-------- Input data --------

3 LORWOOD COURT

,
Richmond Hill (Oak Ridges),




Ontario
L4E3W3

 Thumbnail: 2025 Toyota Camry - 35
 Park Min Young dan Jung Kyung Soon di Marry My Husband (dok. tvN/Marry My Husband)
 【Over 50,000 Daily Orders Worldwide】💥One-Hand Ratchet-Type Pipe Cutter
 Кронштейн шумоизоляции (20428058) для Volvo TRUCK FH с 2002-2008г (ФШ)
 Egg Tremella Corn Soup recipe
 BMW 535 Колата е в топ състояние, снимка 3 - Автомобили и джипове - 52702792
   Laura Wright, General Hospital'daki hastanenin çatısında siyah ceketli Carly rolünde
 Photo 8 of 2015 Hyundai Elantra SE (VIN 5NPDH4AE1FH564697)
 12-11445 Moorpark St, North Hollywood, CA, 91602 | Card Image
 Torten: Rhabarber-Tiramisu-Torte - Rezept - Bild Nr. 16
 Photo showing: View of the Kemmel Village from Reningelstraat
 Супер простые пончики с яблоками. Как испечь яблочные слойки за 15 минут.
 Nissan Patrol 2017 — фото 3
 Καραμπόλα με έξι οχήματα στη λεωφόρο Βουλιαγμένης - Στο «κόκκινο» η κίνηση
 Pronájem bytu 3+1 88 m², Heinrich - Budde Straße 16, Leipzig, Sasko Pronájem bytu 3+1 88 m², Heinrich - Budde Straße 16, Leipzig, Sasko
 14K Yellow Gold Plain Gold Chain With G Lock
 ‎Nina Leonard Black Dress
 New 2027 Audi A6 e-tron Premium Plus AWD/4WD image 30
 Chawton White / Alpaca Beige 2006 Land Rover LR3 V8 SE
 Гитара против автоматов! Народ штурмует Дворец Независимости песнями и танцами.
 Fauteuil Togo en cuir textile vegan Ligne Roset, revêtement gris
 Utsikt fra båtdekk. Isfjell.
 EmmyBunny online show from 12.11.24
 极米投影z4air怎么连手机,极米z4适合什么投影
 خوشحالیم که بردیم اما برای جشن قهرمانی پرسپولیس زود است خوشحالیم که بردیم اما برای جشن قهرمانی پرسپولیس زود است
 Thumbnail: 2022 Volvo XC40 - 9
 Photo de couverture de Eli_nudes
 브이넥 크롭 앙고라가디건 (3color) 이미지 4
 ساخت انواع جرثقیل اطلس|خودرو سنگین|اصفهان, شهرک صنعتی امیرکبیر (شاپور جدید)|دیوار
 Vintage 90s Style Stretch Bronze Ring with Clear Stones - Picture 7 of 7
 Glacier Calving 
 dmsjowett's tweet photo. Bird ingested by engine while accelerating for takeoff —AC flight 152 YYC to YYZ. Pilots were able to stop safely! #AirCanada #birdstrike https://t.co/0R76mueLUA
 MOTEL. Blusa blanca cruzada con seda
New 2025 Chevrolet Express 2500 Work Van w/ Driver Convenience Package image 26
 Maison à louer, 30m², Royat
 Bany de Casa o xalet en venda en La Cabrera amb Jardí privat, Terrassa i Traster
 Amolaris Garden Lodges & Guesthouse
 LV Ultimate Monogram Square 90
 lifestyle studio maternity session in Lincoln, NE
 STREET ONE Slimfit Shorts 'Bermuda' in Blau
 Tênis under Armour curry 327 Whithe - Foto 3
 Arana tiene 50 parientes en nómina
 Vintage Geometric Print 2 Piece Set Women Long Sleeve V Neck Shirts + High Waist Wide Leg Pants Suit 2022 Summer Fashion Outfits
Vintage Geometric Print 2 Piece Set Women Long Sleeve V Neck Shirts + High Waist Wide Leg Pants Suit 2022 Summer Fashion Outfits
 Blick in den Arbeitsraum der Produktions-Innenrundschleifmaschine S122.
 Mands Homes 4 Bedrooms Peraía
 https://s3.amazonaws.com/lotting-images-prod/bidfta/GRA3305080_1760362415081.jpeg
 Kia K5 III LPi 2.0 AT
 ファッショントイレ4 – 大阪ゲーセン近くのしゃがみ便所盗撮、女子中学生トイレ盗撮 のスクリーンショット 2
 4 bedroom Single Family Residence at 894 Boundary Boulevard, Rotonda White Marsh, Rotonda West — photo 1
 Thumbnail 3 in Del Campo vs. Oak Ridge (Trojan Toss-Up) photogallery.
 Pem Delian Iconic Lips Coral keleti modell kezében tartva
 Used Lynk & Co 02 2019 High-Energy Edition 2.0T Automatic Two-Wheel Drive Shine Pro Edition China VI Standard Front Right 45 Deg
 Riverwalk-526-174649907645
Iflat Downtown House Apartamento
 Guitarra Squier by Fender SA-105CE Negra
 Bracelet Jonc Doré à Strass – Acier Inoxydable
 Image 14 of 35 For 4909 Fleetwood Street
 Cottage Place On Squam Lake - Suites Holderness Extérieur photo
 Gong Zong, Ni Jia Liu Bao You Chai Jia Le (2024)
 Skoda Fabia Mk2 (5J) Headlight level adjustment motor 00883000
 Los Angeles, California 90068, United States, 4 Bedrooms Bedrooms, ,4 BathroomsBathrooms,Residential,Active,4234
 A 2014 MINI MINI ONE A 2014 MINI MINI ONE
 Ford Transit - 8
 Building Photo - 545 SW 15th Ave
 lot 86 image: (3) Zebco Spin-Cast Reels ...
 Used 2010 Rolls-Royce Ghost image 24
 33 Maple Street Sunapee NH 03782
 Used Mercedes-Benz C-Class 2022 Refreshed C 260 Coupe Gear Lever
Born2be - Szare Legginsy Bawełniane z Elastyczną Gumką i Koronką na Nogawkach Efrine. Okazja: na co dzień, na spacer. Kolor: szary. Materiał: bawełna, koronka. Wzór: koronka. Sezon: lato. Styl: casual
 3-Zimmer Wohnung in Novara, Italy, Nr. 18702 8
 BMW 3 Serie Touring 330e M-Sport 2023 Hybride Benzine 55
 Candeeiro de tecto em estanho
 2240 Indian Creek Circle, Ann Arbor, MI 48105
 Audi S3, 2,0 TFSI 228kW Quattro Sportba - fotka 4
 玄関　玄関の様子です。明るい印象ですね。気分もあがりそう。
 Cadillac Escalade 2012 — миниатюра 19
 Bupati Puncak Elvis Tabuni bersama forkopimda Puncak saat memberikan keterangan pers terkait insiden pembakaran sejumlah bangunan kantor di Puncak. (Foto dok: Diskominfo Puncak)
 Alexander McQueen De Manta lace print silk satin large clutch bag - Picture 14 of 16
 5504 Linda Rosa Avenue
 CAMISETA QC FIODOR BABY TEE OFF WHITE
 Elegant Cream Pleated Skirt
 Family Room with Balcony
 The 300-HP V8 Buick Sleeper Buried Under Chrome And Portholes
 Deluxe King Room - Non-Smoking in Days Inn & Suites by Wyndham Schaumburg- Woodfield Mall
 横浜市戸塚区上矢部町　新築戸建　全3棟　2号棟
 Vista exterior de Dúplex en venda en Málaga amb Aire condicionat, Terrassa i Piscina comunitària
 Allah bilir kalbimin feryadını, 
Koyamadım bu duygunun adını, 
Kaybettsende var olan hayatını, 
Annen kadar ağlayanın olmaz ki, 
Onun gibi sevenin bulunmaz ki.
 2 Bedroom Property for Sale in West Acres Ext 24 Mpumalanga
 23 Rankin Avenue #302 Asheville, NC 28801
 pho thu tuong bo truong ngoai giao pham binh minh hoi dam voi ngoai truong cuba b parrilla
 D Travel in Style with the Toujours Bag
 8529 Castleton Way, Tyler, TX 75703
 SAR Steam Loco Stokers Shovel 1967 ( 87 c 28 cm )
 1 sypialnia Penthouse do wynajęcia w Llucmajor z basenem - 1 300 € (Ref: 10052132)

--------

Problem statement - Wherever "Piece" appears in the listing, report the line it is on.

Answer to the exercise -
 Vintage Geometric Print 2 Piece Set Women Long Sleeve V Neck Shirts + High Waist Wide Leg Pants Suit 2022 Summer Fashion Outfits
Vintage Geometric Print 2 Piece Set Women Long Sleeve V Neck Shirts + High Waist Wide Leg Pants Suit 2022 Summer Fashion Outfits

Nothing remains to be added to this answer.